I ruoli si ribaltano, il vecchio continente, mai tale definizione sembra così appropriata, chiede senza vergognarsi un aiutino alla Cina, potenza economica dalla mostruosa liquidità: 3.200 miliardi di dollari di riserve. E il Dragone non si nega.
di Saverio Mercadante
Prima l’Africa, poi il Sudamerica, l’Est Europa, i comunisti capitalisti più potenti del mondo a passi lunghi e ben distesi, ma con solita grande prudenza, quasi in incognito, stanno arrivando anche alla ciccia europea. I ruoli si ribaltano, il vecchio continente, mai tale definizione sembra così appropriata in questi anni di crisi, chiede senza tanto vergognarsi un aiutino alla potenza economica dalla mostruosa liquidità: 3.200 miliardi di dollari di riserve accumulate con i surplus commerciali accumulati in questi anni di poderosa crescita.

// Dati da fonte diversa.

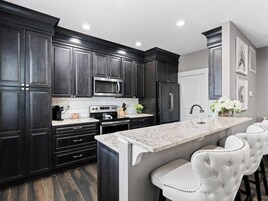 Una cocina moderna con armarios oscuros, electrodomésticos de acero inoxidable, encimera de mármol y una zona de asientos tipo barra.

La Cina non si nega, anzi sembra che abbia messo già sul piatto dai 50 ai 100 miliardi di dollari per metter una toppa ai disastrati debiti sovrani, come ha scritto il Financial Times in questi giorni. Ma vogliono capire bene quale sia effettivamente il piano di salvataggio dei leader europei.
“E’ nell’interesse della Cina aiutare l’Europa, perché è il nostro principale partner commerciale, ma la preoccupazione principale del governo cinese è come spiegare questa decisione al nostro popolo – ha spiegato al quotidiano britannico Li Daokui, membro del comitato di politica monetaria della banca centrale cinese – l’ultima cosa che la Cina vuole è gettare via la ricchezza del Paese ed essere vista solo come una fonte di denaro facile”.
Secondo l’ufficio di statistica dell’Unione europea, a luglio la Cina ha superato gli Stati Uniti ed è diventata il più grande partner commerciale dell’Ue.
I legislatori USA i stanno discutendo se imporre tariffe sulle esportazioni cinesi, dunque la Cina è costretta a sostenere le sue esportazioni verso l’Ue.
Eppure, “non ci sono negoziati in corso con la Cina” per il rafforzamento del Fondo europeo salva-Stati (Efsf), ha assicurato qualche ora dopo Klaus Regling, direttore del Fondo. Ma Pechino ha già acquistato un po’ di obbligazioni emesse dal Fondo europeo di stabilità finanziaria. Ma non troppe se gli Europei Sarkozy in testa fanno tanto prssing sui cinesi. Tra l’altro, nonostante le smentite, Klaus Regling proprio a Pechino è andato nei giorni scorsi, prima tappa di un road show mondiale tra i potenziali investitori.
Nel frattempo Fitch ha assegnato un rating a tripla A al programma di debito garantito a medio e lungo termine del fondo ‘salva-Stati’ europeo.
Il rating riguarda l’intesa intergovernativa approvata a Bruxelles il 26 ottobre. Come dire: rassicuriamola subito la potenza celeste. Ma il Drago vuole due, tre cosucce, innanzitutto: che l’Europa le riconosca lo status di economia di mercato prima del 2016 per non essere penalizzati quando si devono stabilire i prezzi equi nei casi di dispute antidumping, e, che sulle questioni di concorrenza sleale e copyright, diritti dei lavoratori, gli europei mollino l’osso.
Intanto, ci siamo comprati il più importante porto greco, il Pireo, il principale scalo container nel Mediterraneo orientale, ha detto Hu Jintao, numero uno a Pechino, ai suoi collaboratori.
Ma qualche brutto segnale arriva anche da lì: il polmone economico della Cina, la provincia Sud orientale del Zhejiang, è in crisi di liquidità. Inflazione al 6,3% e aziende nelle mani dei famelici usurai.